Beyond object method dispatch, lambda passing style would be another source of unstable transfer points. Custom lambdas passed into central utilities are often per-use closures. On the upside, the actual function that will be called is hoisted all the way up to an input parameter, which again would be an ideal for software injecting “upcoming|next EBB” hints into the prefetcher.
For context, how many cycles ahead of an exit would the exit table need to be notified in order to prefetch code from cache to execute without any stalls? I suspect this would vary between family members. If it’s under 10, I would imagine software hints could eliminate stalls for many truly unstable dispatched exits.

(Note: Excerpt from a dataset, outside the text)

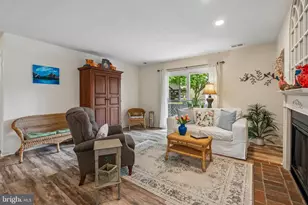 10090 Oakton Terrace Rd, Oakton, VA 22124 - Photo 12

I agree that DRAM latency isn’t worth considering in these optimization scenarios. However, if the 5-cycle mispredict penalties are a concern, the fact remains that the absolute correct target for fully dynamic dispatch should be available in the software view far enough ahead of the call in enough situations to be beneficial to the hardware mechanism. The problem is communicating it from software into hardware.

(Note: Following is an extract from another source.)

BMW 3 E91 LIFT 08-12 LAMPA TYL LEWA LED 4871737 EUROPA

The Mill has software-controlled prefetching of data via speculation, but not software-controlled prefetching of code (that we’ve seen). If the hardware predictor consistently fails for a dispatched usage case, there’s no other way to update or augment its functionality.
Having a compiler decide between whether to generate preemptive dispatch hints vs letting the predictor attempt to compensate would probably best be left to runtime log feedback, and might not be used by all compilers. But not having that option at all seems to me to be missing functionality that manifests in penalizing dynamic code.
(Obviously, hopping through multiple layers of dynamic indirection quickly would likely cause stalls no matter the prefetch mechanism, but most dynamic designs boil down to just one indirection per function call.)